As global media increasingly depends on resilient production pipelines and localized content, what happens at Russia’s CPS matters beyond its borders. CPS 2026 in Moscow is not just an equipment fair; it’s where production managers, tech vendors, and educators confront the practical limits of today’s film ecosystem and map out infrastructure for the next decade. For international tech audiences – camera and workflow makers, post houses, virtual production vendors – the show offers a window into where demand will grow, which skill gaps could be filled remotely, and how a pivot toward domestic clusters might reshape supply chains. Even with geopolitical headwinds, tools, practices and talent emerging from CPS could influence regional standards and interoperability. If you build hardware, software, or services for content creation, watching how CPS frames investment, workforce training, and producer models signals where partnerships and product adaptations might be needed to stay relevant in a global market today.

At the end of March 2026, the 22nd CPS exhibition will kick off at the Amedia studio in Moscow – an event that, by now, is far more than a display of kit. CPS has evolved into a working platform where industry people test ideas against budgets, schedules and real production constraints. The show’s agenda leans into how Russian film and media production can move past gadget-driven conversations toward solving systemic problems.

Development of infrastructure and the creative economy to 2036

One of the main highlights is a strategic session on investment and the construction of film clusters across Russia. This isn’t about glossy announcements – speakers will outline tangible plans to build spaces where production teams can actually work, not just dream. The market needs infrastructure that turns creative ideas into deliverable business outcomes; that’s the kind of change that can clear long-standing bottlenecks in the industry.
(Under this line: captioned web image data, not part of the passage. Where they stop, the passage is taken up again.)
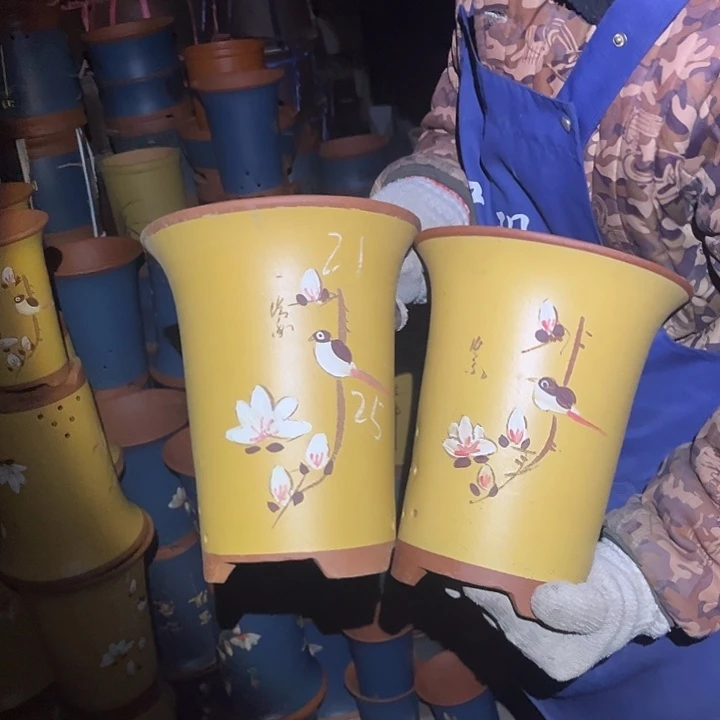 紫砂花盆紫砂花盆和小
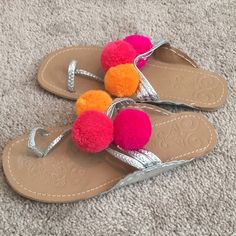 Resort Sandal Silver Straps With Pink And Orange Pom Poms Sandals Resorts, Pom Poms, Orange Pink, Color Orange, Women's Shoes Sandals, Pink And Orange, Shoes Sandals, Pom Pom, Size 6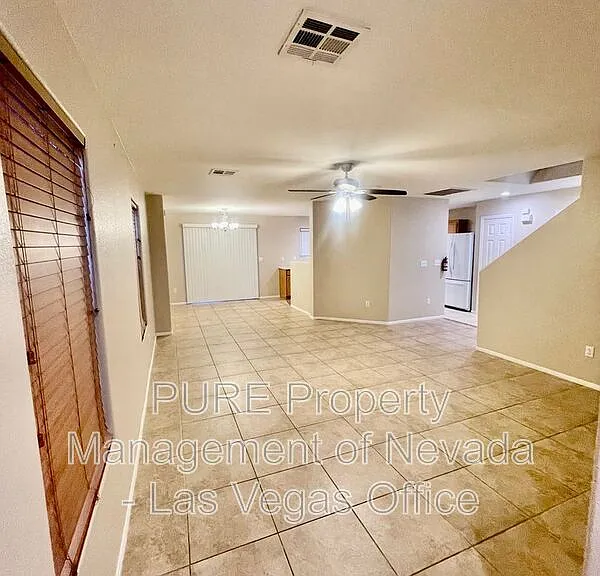 3528 Laguna Veneta Ave — Photo 3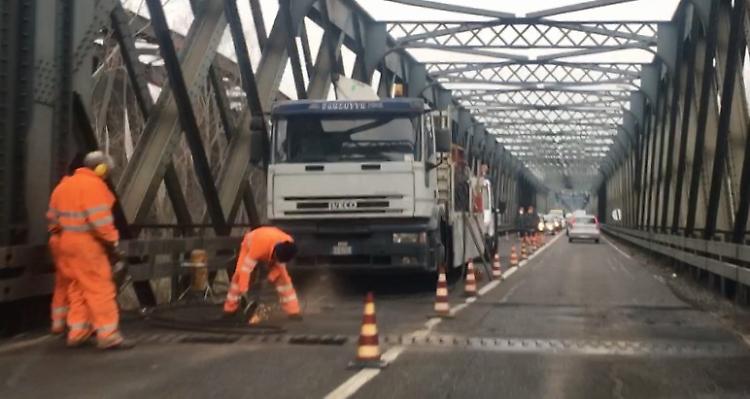 Due mesi di fuoco, appaltati i lavori per il ponte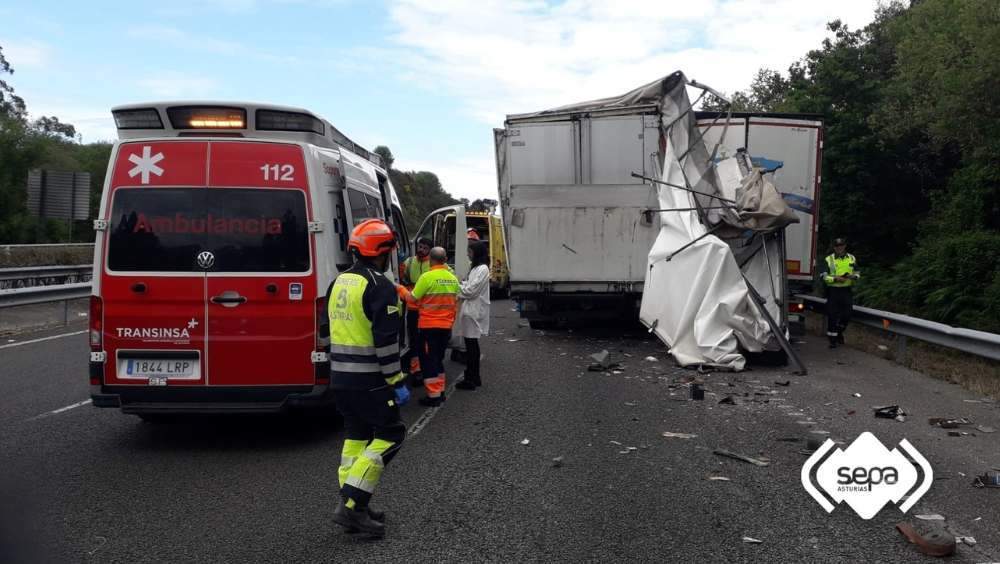 choque-camiones-villaviciosa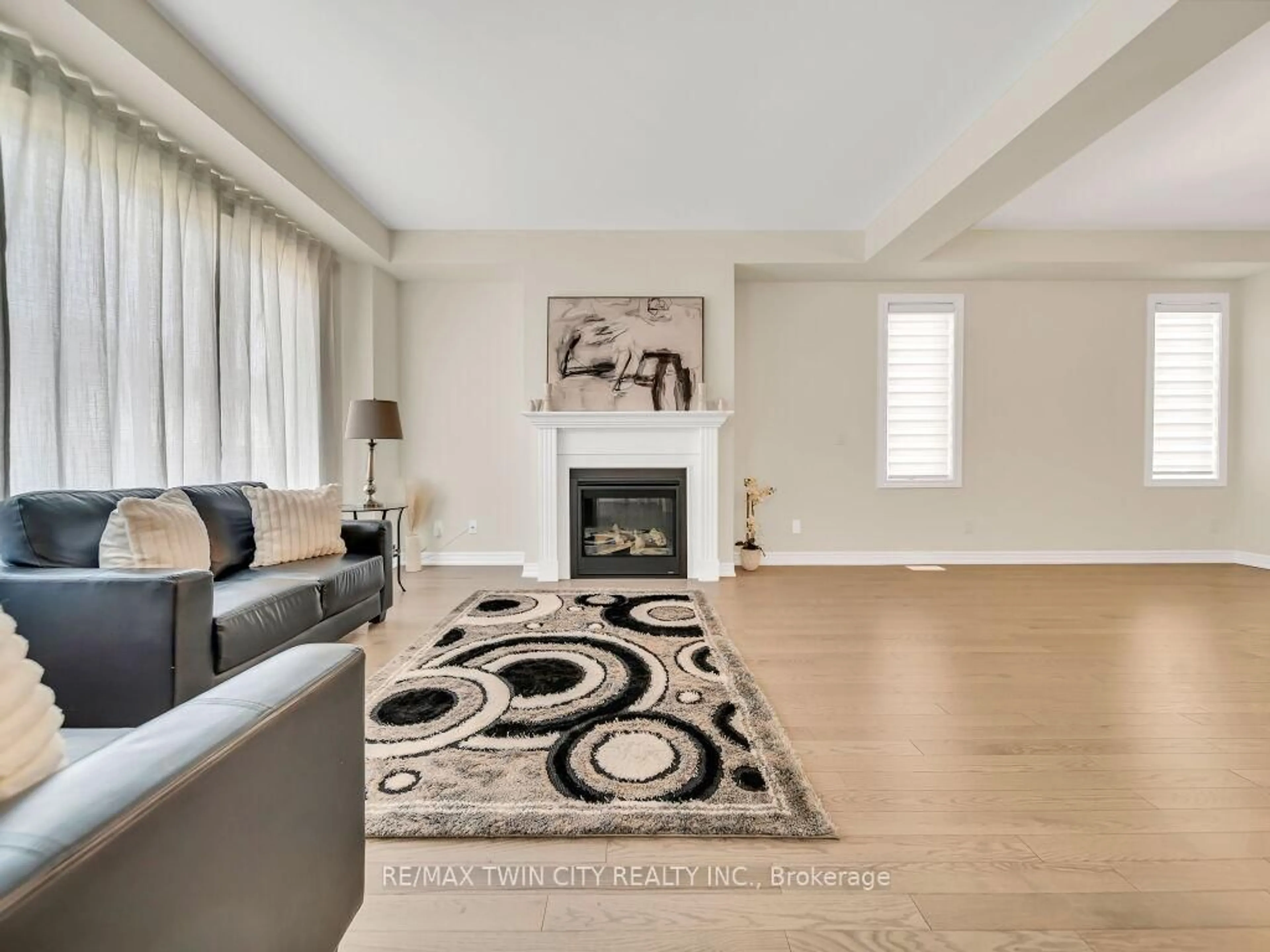 Living room with furniture, unknown for 261 Broadacre Dr, Kitchener Ontario N2R 0S6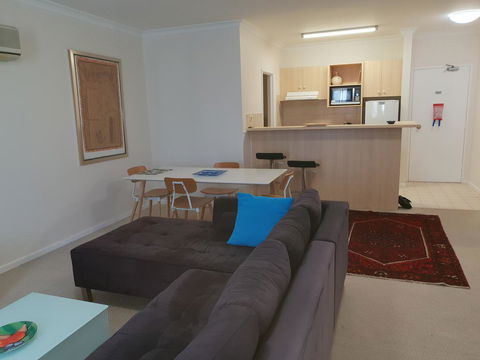 Superb 2 BR East Perth Riverside Apartment Location Comfort And Space 45 - Accommodation Burleigh 7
Context for international readers: the ”to 2036” timeframe reflects a planning horizon commonly used in Russia for long-term infrastructure and economic strategies. And a note for Russian readers: Amedia is a major Moscow-based studio and producer, so hosting CPS there signals the show’s industry weight.

Education aligned with production realities

Talks about film pedagogy at the level of secondary vocational education are taking on new urgency. The question is practical: how do you train people who won’t freeze on set from day one? CPS is pushing for real production processes to be integrated into curricula and for honest assessments of industry needs. There’s still a shortage of qualified camera operators, gaffers and technicians – and without vocational programs that mirror real workflows, crew renewal will remain superficial.

Managing films and series: from words to action

The conference ”Грамотное продюсирование кино и сериалов” (Competent producing of films and series) gathers people who live by the numbers and by efficiency. The focus is on budgeting and building producer models that actually work on set and in delivery pipelines – not just on paper. In an industry where the cost of mistakes rises every day, these conversations are about building the kind of disciplined management that makes projects viable.

An in-house studio at an enterprise: ambitions vs risks

More industrial and corporate players are branching into media and considering their own in-house studios. CPS will host an open debate about the pros and cons. This isn’t just a question of pride: running a studio requires budget, a stable team, consistent workloads and ongoing responsibility – liabilities that can outweigh the upside. Plenty of companies have already faced that choice, and their experiences will be hashed out in Moscow.

The expo area will bring together solutions from more than 80 brands showcasing equipment and technologies. But CPS has never been just a gadget showcase – it’s where technologists and TDs interrogate applicability and ROI. Engineers and technical directors come to get real answers, not marketing promises.

If you work in the industry, want to hear unvarnished stories and aren’t afraid to ask tough questions about the future of Russian cinema, block out 26-28 March 2026. CPS is positioning itself as the place where difficult topics are spoken aloud and where outdated approaches give way to seasoned, practical solutions.

My take: CPS 2026 reads like a turning point. The mix of strategic planning for clusters through 2036, an explicit push to close the skills gap via vocational training, and sharper conversations about producer-level accountability all point to an industry trying to professionalize at scale. For international tech vendors and post-production houses, that professionalization matters – it creates repeatable workflows, clearer procurement timelines and, ultimately, opportunities for partnerships that aren’t one-off deals. The risks are real: underestimating the costs of building local capacity or overreaching with in-house studios can sap resources. But if CPS helps align investment, workforce development and production management, the result could be a sturdier, more self-sufficient production ecosystem in Russia – and a market that’s easier for global suppliers to engage with on predictable terms.